Please set down, word for word, the line that contains "Wooden nightstand with" and every line after it to the end of the entries below, omitting the pictures.

*** Task material Section Begins ***

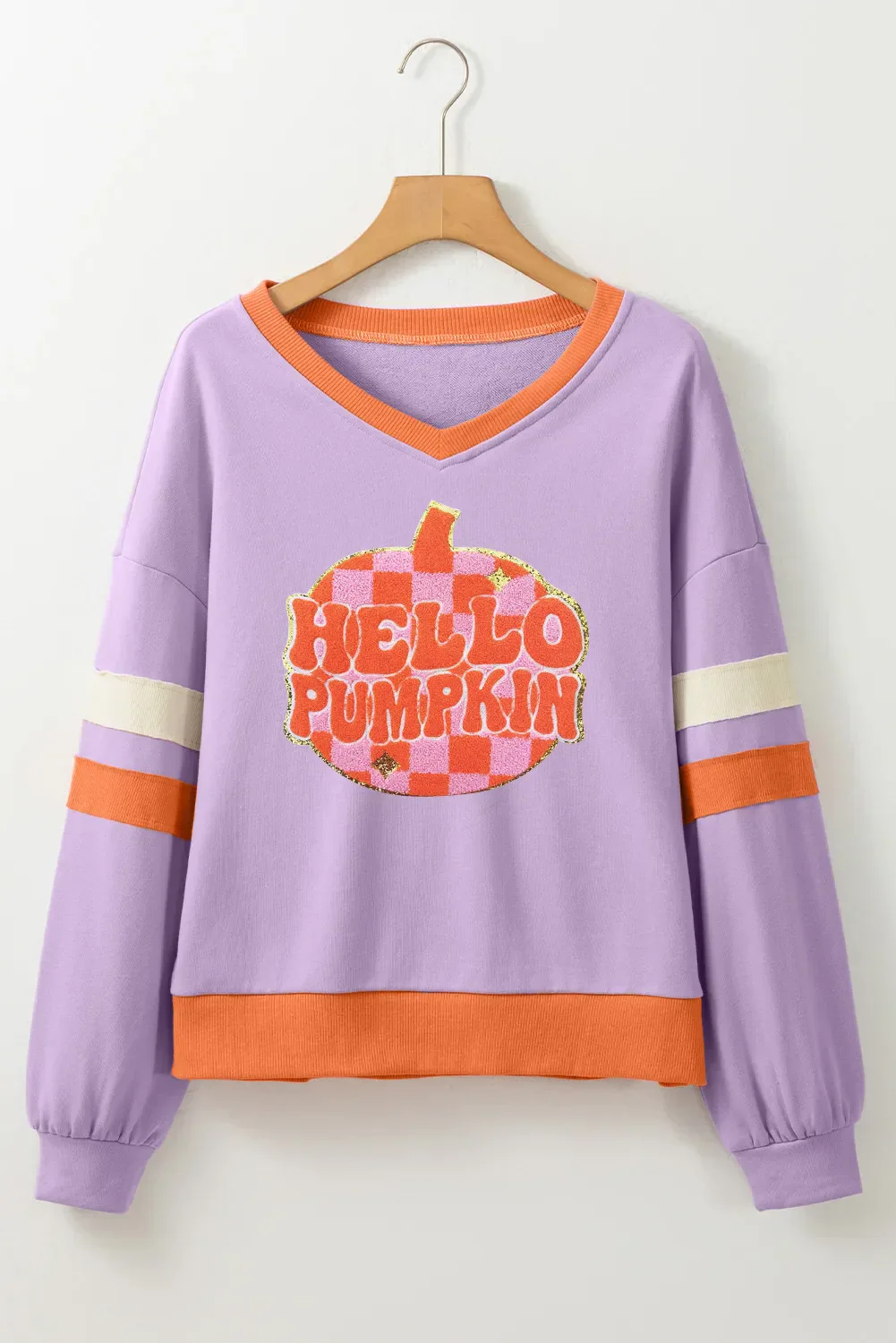 Lucía | Long sleeve sweatshirt with contrast V-neck - Image 3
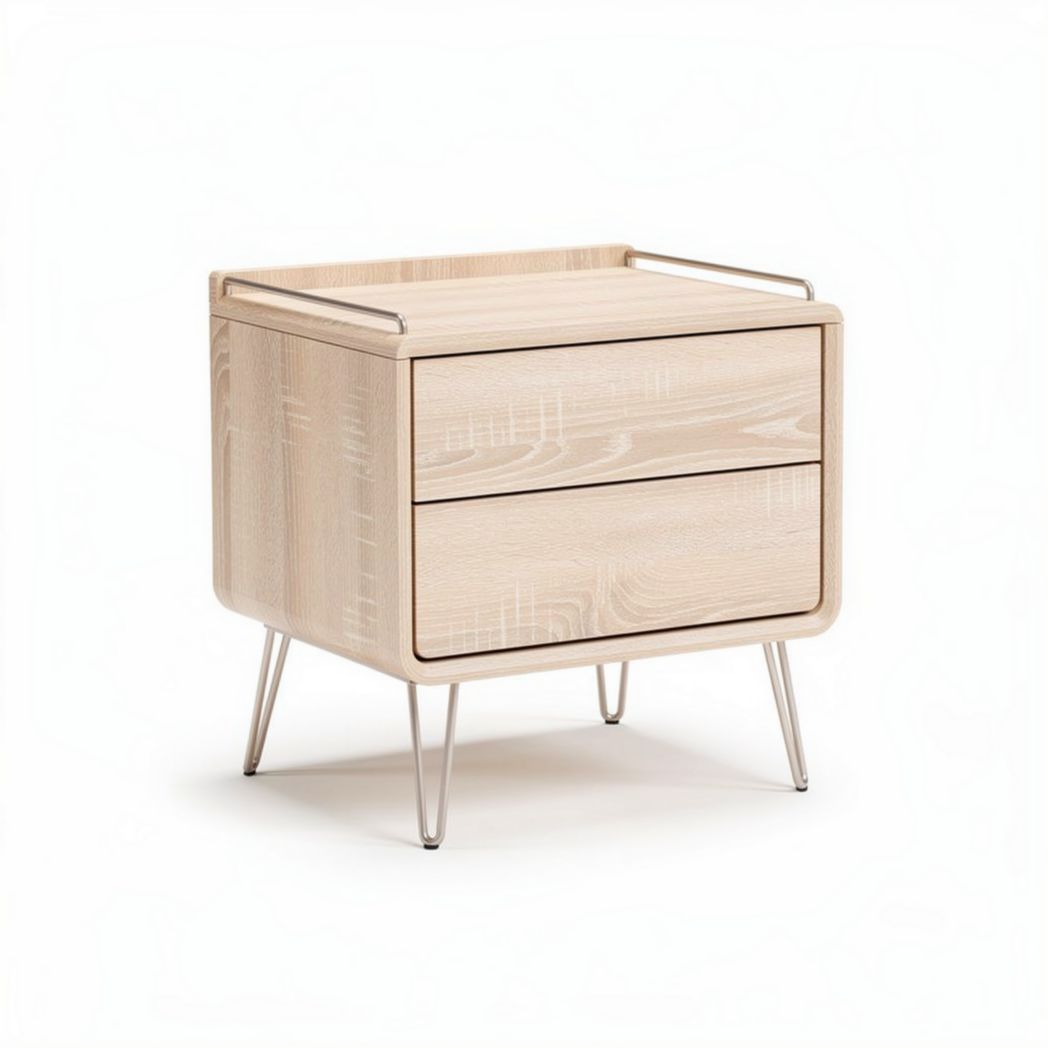 Wooden nightstand with two drawers and metal legs 45 x 40 x 50cm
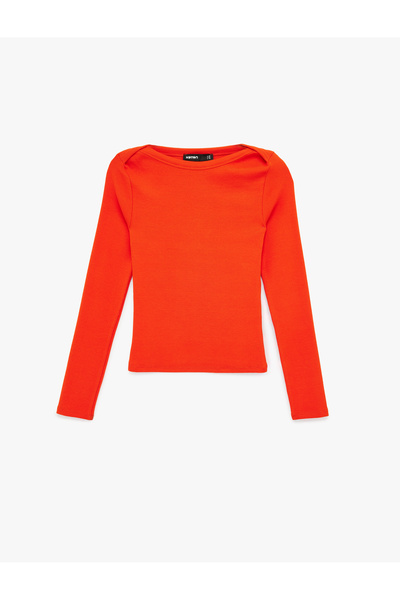 Koton Slim Fit Cotton Long Sleeve Boat Neck T-Shirt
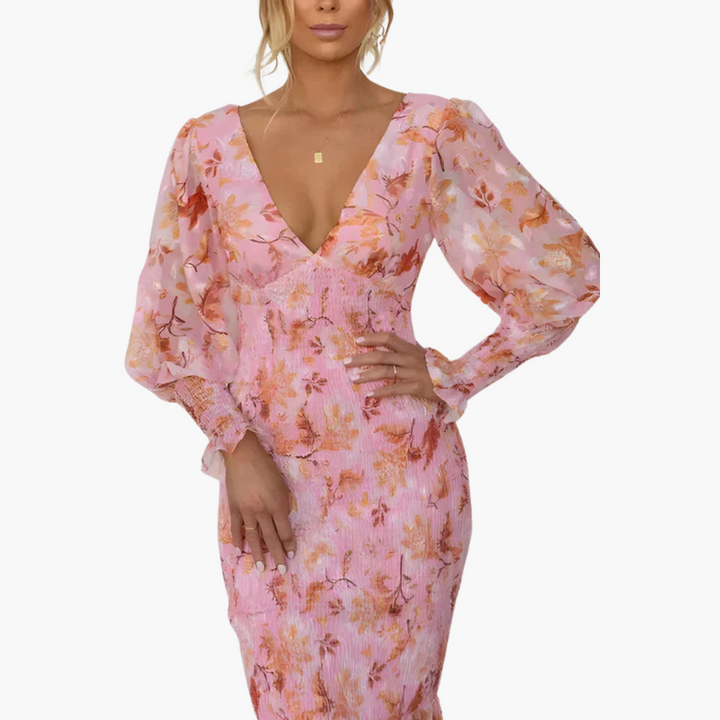 Women’s Midi Dress with V-Neck and Puff Sleeves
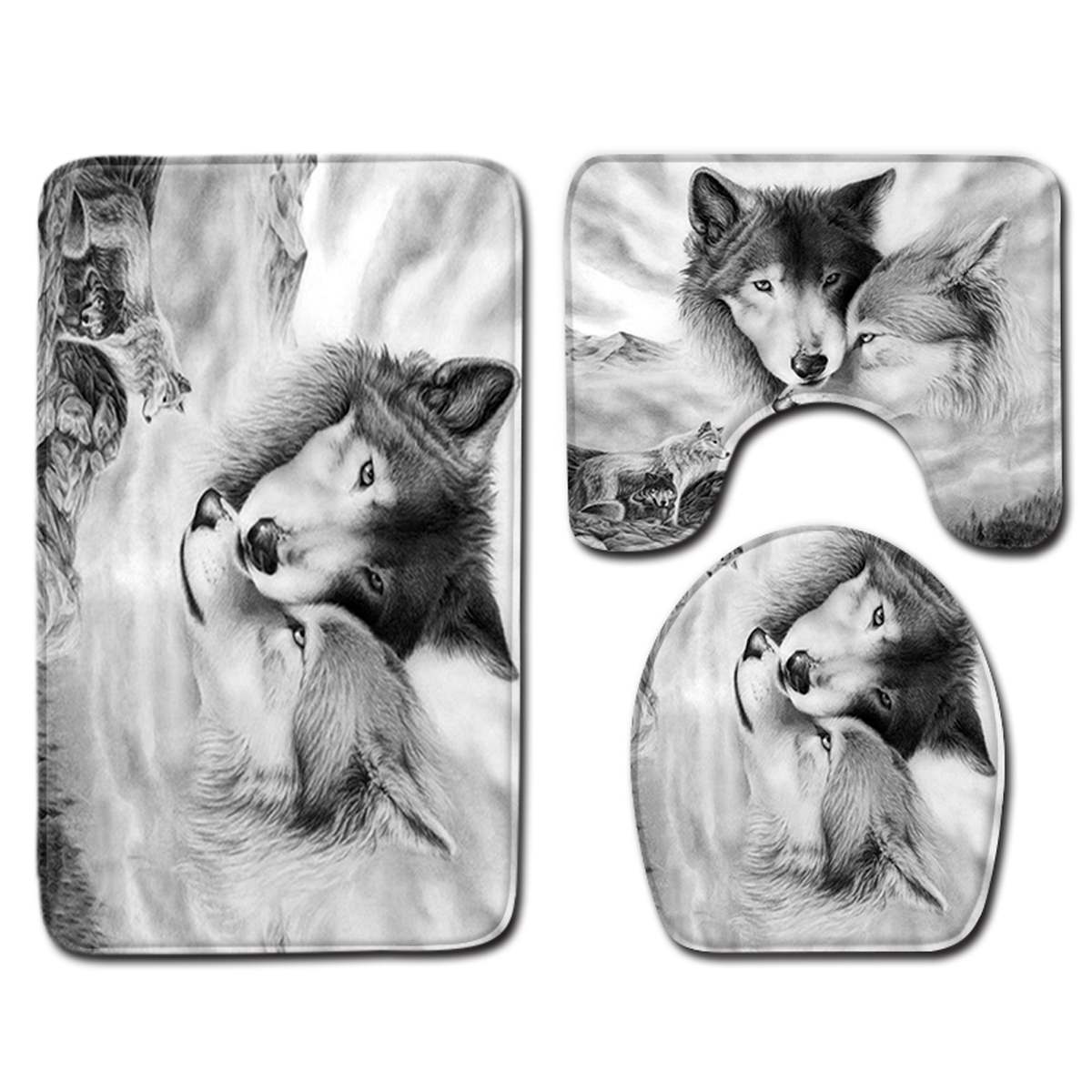 180x180cm 1 Pc/3 pièces/4 pièces blanc loup attrapeur de rêves yeux de loup avec 12 crochets salle de bain rideau de douche tapis de toilette couvercle tapis ensembles de rideaux: 2 Wolves 3Pcs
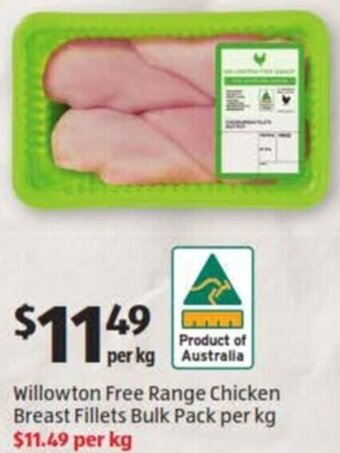 Willowton Free Range Chicken Breast Fillets Bulk Pack Per kg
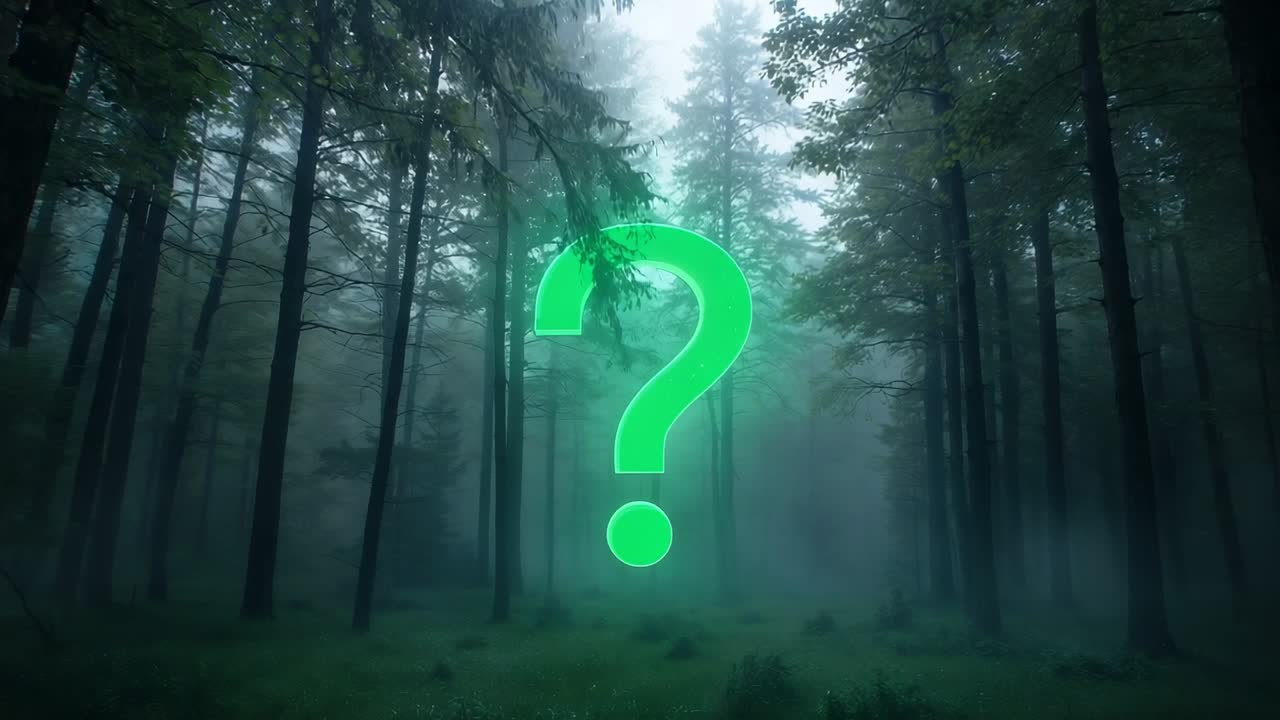 Hovering glowing green question mark remaining static in misty pine forest, suggesting mystery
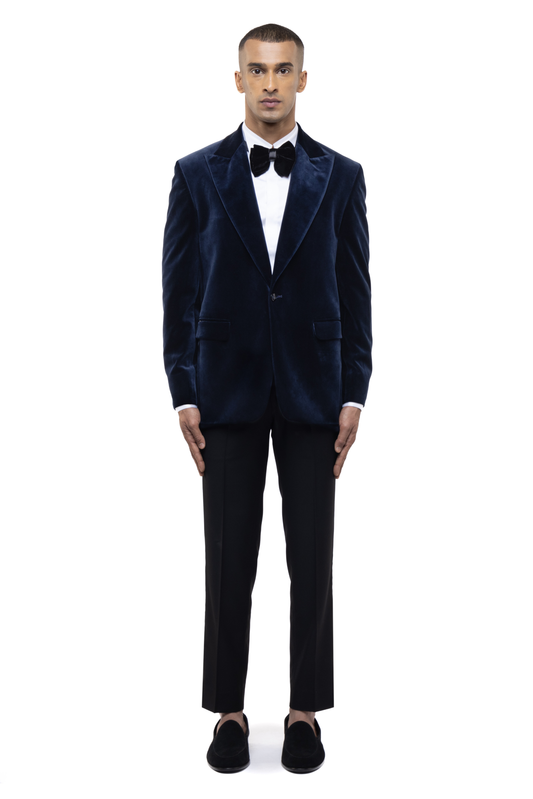 Navy Blue Velvet Peak Lapel Tuxedo Set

*** Task material Section Ends ***

▶ **Response area**:
 Wooden nightstand with two drawers and metal legs 45 x 40 x 50cm
 Koton Slim Fit Cotton Long Sleeve Boat Neck T-Shirt
 Women’s Midi Dress with V-Neck and Puff Sleeves
 180x180cm 1 Pc/3 pièces/4 pièces blanc loup attrapeur de rêves yeux de loup avec 12 crochets salle de bain rideau de douche tapis de toilette couvercle tapis ensembles de rideaux: 2 Wolves 3Pcs
 Willowton Free Range Chicken Breast Fillets Bulk Pack Per kg
 Hovering glowing green question mark remaining static in misty pine forest, suggesting mystery
 Navy Blue Velvet Peak Lapel Tuxedo Set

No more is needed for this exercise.